On our second day in Colombo we travel to Mount Lavinia where the rest of the Gippo / Wurzel gang and the returning PC Tintin & Tractor are squatting.


Drinks, and a less-than-enjoyable Chinese meal, are partaken of.


I’m sure PC Tintin must be a fluent Mandarin speaker, as every time I go for a Chinese meal with this guy it ends in disaster. I bet he nips into the kitchen before the order is placed, whispering in the Chef’s ear like Hannibal Lecter:


“See that fat, bald Manc over there? Make sure his starter doesn’t arrive.
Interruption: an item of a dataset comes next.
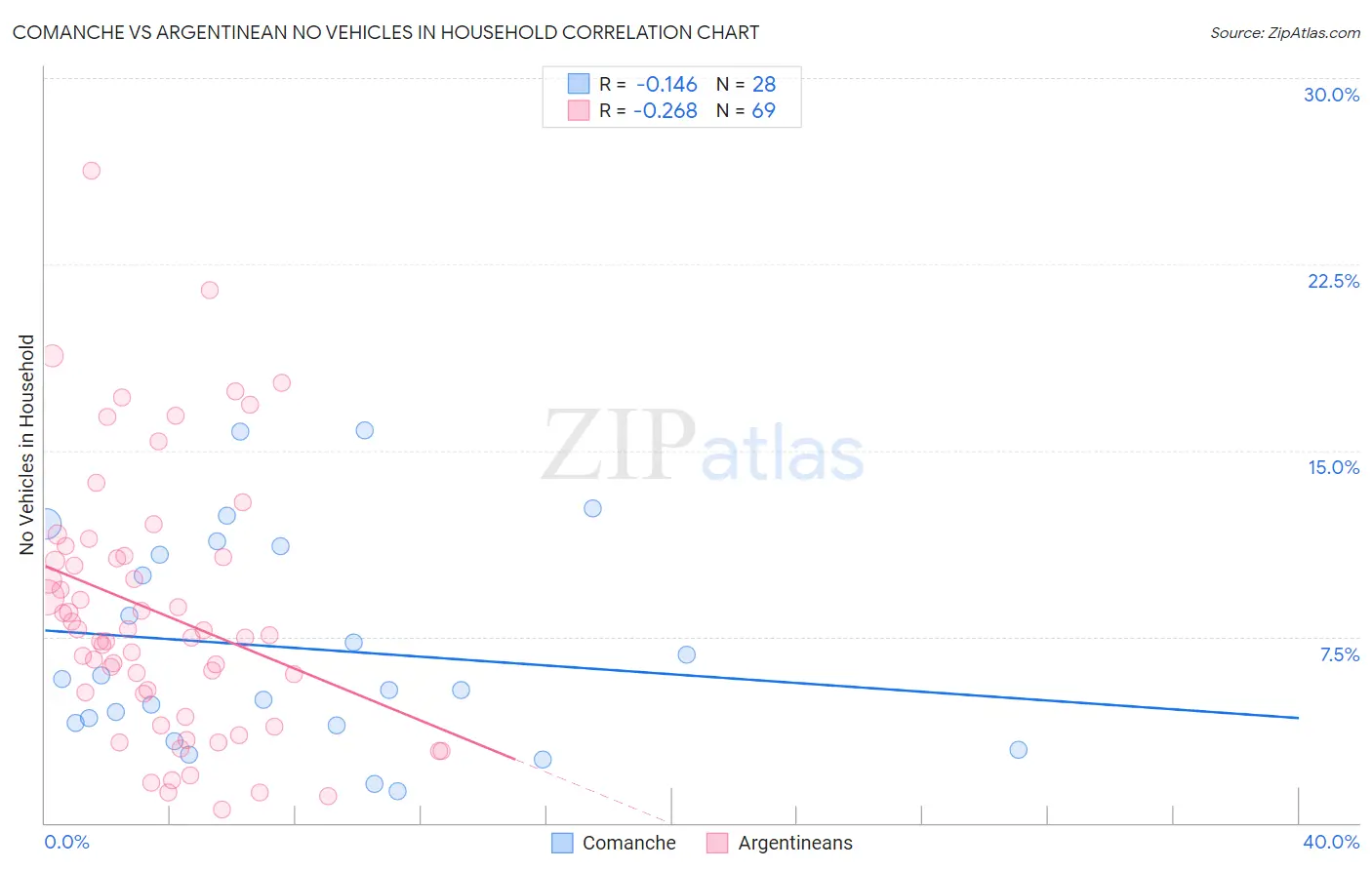 Comanche vs Argentinean No Vehicles in Household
If he orders anything with chicken in it, just make sure he only gets the skin”.


Needless to say, the ba$tard does it again here.


When we get back to our hotel at midnight I decide to satisfy my hunger by descending to the bar until 2.30 am to drink several pints of Guinness and watch football.


Probably not the best preparation for tomorrows first day’s cricket at an unknown ground, where chaos is widely expected.


Day 1 of the Test

We arrive at the P Sara Oval by tuk-tuk at 9am and it is indeed, chaos.


The ground is 20 minutes away from our hotel and about 45 minutes away from Mount Lavinia where the Gippo/ Wurzel caravans are illegally parked up.


The ground is situated in the middle of a shanty-town and has clearly seen better days.


On gaining entry – we have reluctantly bought tickets for the first three days only – I take a walk round the perimeter.


The white main stand you see on TV is like the “The Auld Empty Barn “from ‘Dads Army’ – just a frontage, with nothing in it, concrete and asbestos cladded sides and roof and with piles of festering rubbish and debris everywhere.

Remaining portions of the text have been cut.